By this configuration, similar advantages to those described above can be achieved. Further, there is an another advantage that the present apparatus can be provided readily at a low cost.
According to claim 2, as alternative to claim 1, the pressure reduction means includes operating pressure detection means for detecting the operating pressure for opening the clamshell bucket, and third pressure reduction means for reducing the operating pressure for driving the expansion arm to the expansion side based on detection information from the operating pressure detection means.
By this configuration, similar advantages to those described above can be achieved. Further, since it is necessary to add only one pressure reduction means as a hydraulic apparatus to a common hydraulic circuit, there is another advantage that the present apparatus can be provided readily at a low cost similarly.
It is to be noted that, in this alternative the third pressure reduction means is set so that, as the operating pressure detected by the operating pressure detection means increases, the operating pressure for driving the expansion arm to the expansion side is reduced as much.

Brief Description of the Drawings

FIG. 1 is a schematic view showing a general configuration of a hydraulic circuit for a working machine according to a first embodiment of the present invention;
FIG. 2 is a schematic view showing a general configuration of a hydraulic circuit for a working machine according to a second embodiment of the present invention;
FIG. 3 is a schematic block diagram showing a configuration of control means of the hydraulic circuit for a working machine according to the second embodiment of the present invention;
FIG. 8 is a schematic side elevational view showing a hydraulic excavator to which a common multistage expansion arm is attached; and
FIG. 9 is a schematic view showing a general configuration of a hydraulic circuit for a hydraulic excavator to which a common multistage expansion arm is attached.

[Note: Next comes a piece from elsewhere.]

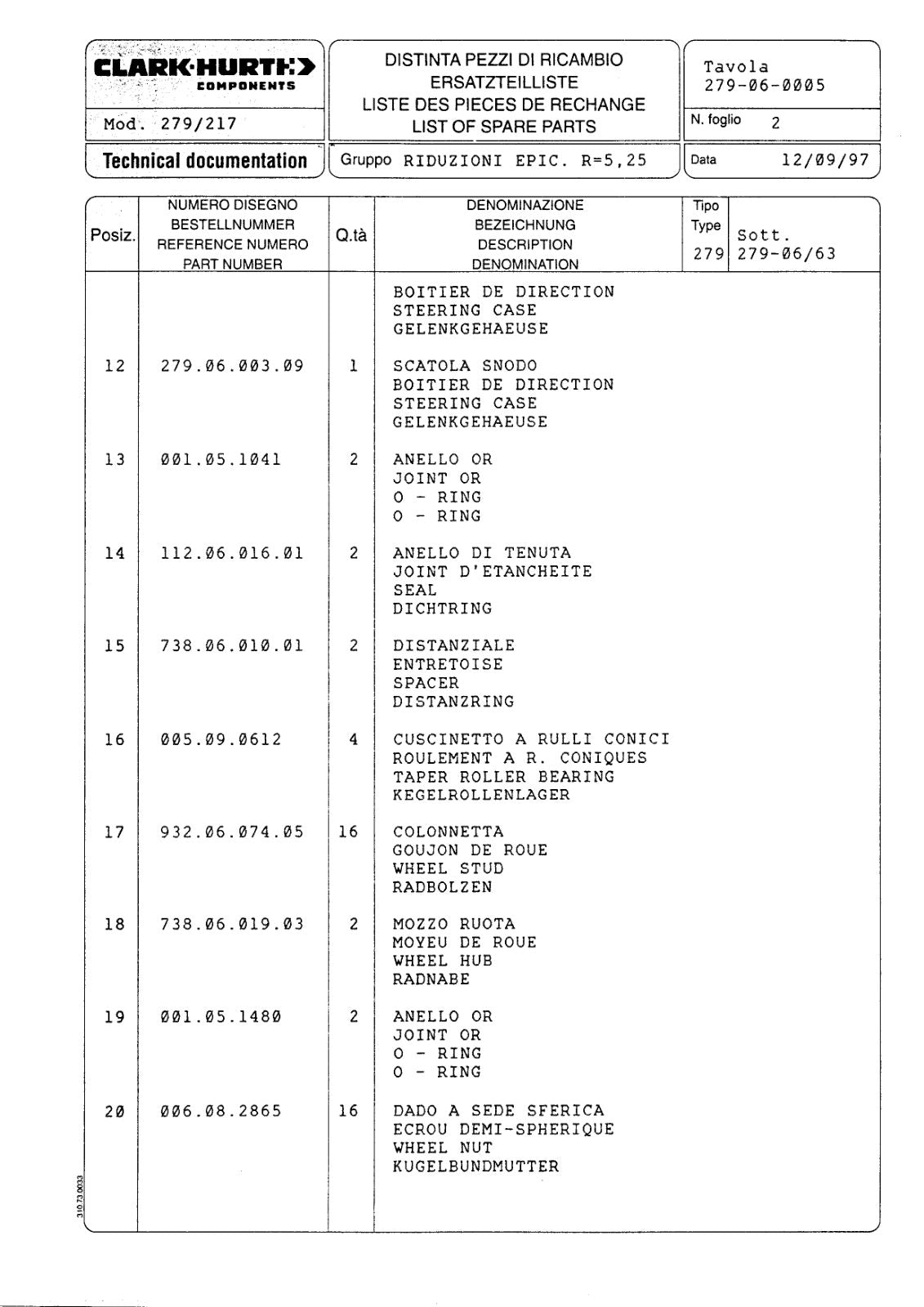 Dana Spicer 279/217 Steering Axle Parts Catalog for Matbro – sample page 3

Best Mode for Carrying out the Invention

In the following, embodiments of the present invention are described with reference to the drawings.

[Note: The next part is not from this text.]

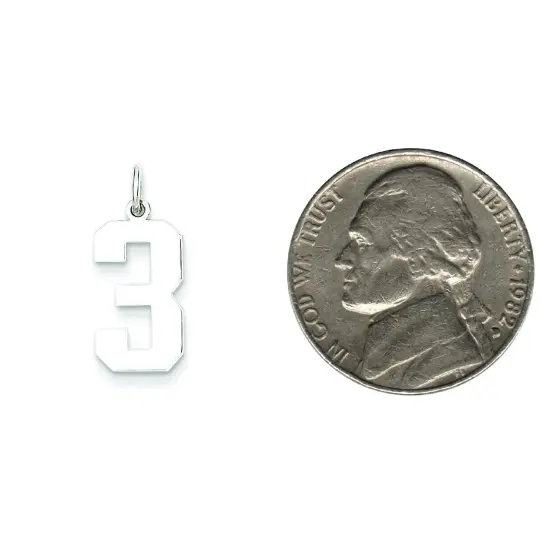 Sterling Silver Medium Polished Number 3 Charm Pendant Jewerly 21mm x 8mm {2}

(A) Description of the First Embodiment

First, a hydraulic circuit for a working machine according to a first embodiment of the present invention is described. FIG. 1 is a schematic view showing a general configuration of the hydraulic circuit.
In the hydraulic circuit of the first embodiment of the present invention, the basic configuration of the apparatus is similar to that of the hydraulic circuit shown in FIG. 9, and elements described with reference to FIG. 9 are denoted by like reference characters and description of them is omitted.
The hydraulic circuit of the first embodiment includes, as shown in FIG. 1, in addition to the general configuration shown in FIG. 9, a pressure reducing valve (first pressure reduction means) 20 for reducing the pilot pressure (operating pressure) from the bucket remote control valve (opening operator) 16a, and an external pilot type pressure reducing valve (second pressure reduction means) 21 provided for a pilot circuit on the expansion side of the telescopic cylinder (working cylinder) 11.
The external pilot type pressure reducing valve 21 has a set pressure controlled in accordance with an output pressure of the pressure reducing valve 20, and when the output pressure of the pressure reducing valve 20 is lowest (for example, when the bucket remote control lever 16 is not operated), the output pressure from the telescopic remote control valve 15a is set to a high pressure without pressure reduction. On the other hand, if the bucket remote control valve 16a is operated by the bucket remote control lever 16 and the output pressure of the pressure reducing valve 20 is increased, then the operation of the external pilot type pressure reducing valve 21 is controlled in accordance with the pressure to reduce the pilot pressure of the remote control valve 15a.
Then, if the output pressure of the pressure reducing valve 20 becomes equal to or greater than a predetermined value, then the pilot pressure to the telescopic control valve 13 does not become equal to or greater than a prescribed pressure.
Since the hydraulic circuit for a working machine according to the first embodiment of the present invention is configured in such a manner as described above, it operates in the following manner. It is to be noted that the following description is given separately of operation of the hydraulic circuit when the telescopic cylinder 11 operates by itself and operation when the telescopic cylinder 11 and the bucket cylinder 5a operate in an interlocking relationship.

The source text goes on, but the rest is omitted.